It was my senior year of softball in high school and I was feeding balls through a pitching machine to a teammate who was taking batting practice. Having taken years of batting lessons, I sounded like a broken record, “eye on the ball…raise your hands…don’t turn your head…shorten your swing…”
Eventually, my teammate became frustrated with my constructive criticism, “Michelle, what does it take to get a compliment from you?! That was a really good hit and you still told me that there was something that I could have done better. For once, I would just like to get a compliment from you.” My intentions were good, I wanted to see my teammates succeed at batting. However, my delivery of constructive criticism needed improvement.

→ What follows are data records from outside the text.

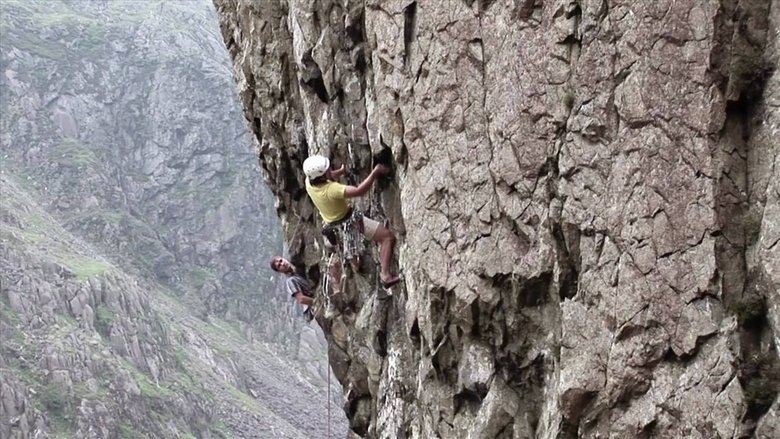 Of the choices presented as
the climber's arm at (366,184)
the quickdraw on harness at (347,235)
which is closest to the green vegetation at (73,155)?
the quickdraw on harness at (347,235)

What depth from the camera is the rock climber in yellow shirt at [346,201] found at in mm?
19438

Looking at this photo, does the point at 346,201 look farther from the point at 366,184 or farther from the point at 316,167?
the point at 366,184

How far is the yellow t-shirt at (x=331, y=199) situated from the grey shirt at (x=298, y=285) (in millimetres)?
6223

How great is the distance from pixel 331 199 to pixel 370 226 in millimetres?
1017

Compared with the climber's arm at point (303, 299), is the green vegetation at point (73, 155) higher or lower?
lower

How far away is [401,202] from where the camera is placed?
18656mm

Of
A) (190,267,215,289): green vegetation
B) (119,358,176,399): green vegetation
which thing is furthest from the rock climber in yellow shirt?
(190,267,215,289): green vegetation

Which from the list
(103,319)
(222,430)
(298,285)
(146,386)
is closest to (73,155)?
(103,319)

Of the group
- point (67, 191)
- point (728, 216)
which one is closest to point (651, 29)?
point (728, 216)

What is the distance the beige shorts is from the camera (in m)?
19.7

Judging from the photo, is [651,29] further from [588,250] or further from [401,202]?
[401,202]

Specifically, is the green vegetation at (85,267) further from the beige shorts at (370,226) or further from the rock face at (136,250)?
the beige shorts at (370,226)

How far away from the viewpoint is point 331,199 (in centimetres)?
1995

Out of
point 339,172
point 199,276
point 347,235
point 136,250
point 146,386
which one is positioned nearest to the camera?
point 339,172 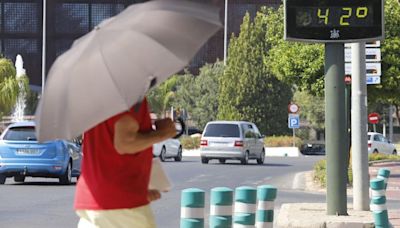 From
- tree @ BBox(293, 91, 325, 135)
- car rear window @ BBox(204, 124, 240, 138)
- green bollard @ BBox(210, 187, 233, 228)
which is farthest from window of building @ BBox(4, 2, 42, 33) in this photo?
green bollard @ BBox(210, 187, 233, 228)

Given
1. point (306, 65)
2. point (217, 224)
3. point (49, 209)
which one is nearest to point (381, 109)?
point (306, 65)

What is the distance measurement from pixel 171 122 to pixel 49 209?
10674 mm

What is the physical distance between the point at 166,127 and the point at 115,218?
1.93 ft

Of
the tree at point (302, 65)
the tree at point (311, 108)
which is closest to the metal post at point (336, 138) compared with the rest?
the tree at point (302, 65)

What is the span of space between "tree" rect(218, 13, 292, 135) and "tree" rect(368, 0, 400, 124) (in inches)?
1270

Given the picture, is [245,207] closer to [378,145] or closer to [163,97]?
[378,145]

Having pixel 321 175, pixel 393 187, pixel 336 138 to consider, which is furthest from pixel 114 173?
pixel 321 175

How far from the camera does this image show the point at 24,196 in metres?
18.4

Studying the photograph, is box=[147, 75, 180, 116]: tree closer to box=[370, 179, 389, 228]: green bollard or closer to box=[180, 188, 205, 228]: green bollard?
box=[370, 179, 389, 228]: green bollard

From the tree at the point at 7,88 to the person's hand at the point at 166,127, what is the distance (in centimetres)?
5429

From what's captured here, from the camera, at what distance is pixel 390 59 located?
88.5ft

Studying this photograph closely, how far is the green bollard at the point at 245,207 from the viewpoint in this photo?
9055mm

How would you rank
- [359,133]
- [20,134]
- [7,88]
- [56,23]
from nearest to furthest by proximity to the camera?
[359,133]
[20,134]
[7,88]
[56,23]

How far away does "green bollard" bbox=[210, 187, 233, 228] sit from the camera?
8.36 metres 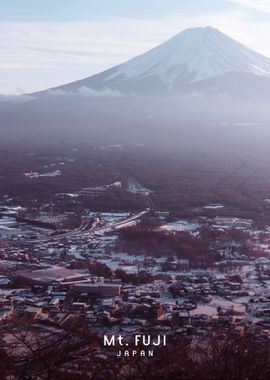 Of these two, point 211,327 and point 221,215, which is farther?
point 221,215

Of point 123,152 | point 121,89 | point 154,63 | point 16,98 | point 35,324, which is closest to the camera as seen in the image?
point 35,324

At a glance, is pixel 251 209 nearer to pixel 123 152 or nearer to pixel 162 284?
pixel 162 284

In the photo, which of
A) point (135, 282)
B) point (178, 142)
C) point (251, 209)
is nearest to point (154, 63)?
point (178, 142)

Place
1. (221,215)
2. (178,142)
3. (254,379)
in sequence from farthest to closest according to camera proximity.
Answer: (178,142), (221,215), (254,379)

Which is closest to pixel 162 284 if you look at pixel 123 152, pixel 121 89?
pixel 123 152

My teammate probably doesn’t realize it, but what she told me that day during practice has been some the most important feedback to both my professional career and personal life. This situation made me realize that I wanted to get better at delivering constructive criticism. It’s changeling to deliver constructive feedback so that it is received in a positive light and it’s even more challenging when you don’t practice giving feedback. Being a MTMC coach, I get to practice giving feedback every time I go to work. I find this to be one of the most important skills that I have developed as a coach because feedback is crucial to any job. It’s common to give feedback to your boss, your coworkers, and your team.
When I played softball, my teammates were frustrated with the fact that constructive feedback was not balanced with supportive compliments because it was something that they worked hard at and it meant something to them. More often than not, students have also put a lot of effort into their writing and its important to be supportive as coaches. I have learned that emphasizing the positive aspects of the student’s work goes a long way in an appointment and that a compliment can be the difference between a productive appointment and an unproductive appointment where the student becomes defensive or withdrawn. Delivering balanced feedback is important both in and outside the MTMC.